▸ **Work request**
What you give back must match the records below exactly.
#####
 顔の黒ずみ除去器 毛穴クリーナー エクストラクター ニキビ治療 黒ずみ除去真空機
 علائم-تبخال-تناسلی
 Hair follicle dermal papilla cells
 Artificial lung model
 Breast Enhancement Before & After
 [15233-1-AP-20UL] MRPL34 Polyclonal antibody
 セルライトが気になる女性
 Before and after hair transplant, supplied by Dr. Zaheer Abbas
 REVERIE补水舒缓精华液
#####
▸ **Answer to the problem**
 顔の黒ずみ除去器 毛穴クリーナー エクストラクター ニキビ治療 黒ずみ除去真空機
 علائم-تبخال-تناسلی
 Hair follicle dermal papilla cells
 Artificial lung model
 Breast Enhancement Before & After
 [15233-1-AP-20UL] MRPL34 Polyclonal antibody
 セルライトが気になる女性
 Before and after hair transplant, supplied by Dr. Zaheer Abbas
 REVERIE补水舒缓精华液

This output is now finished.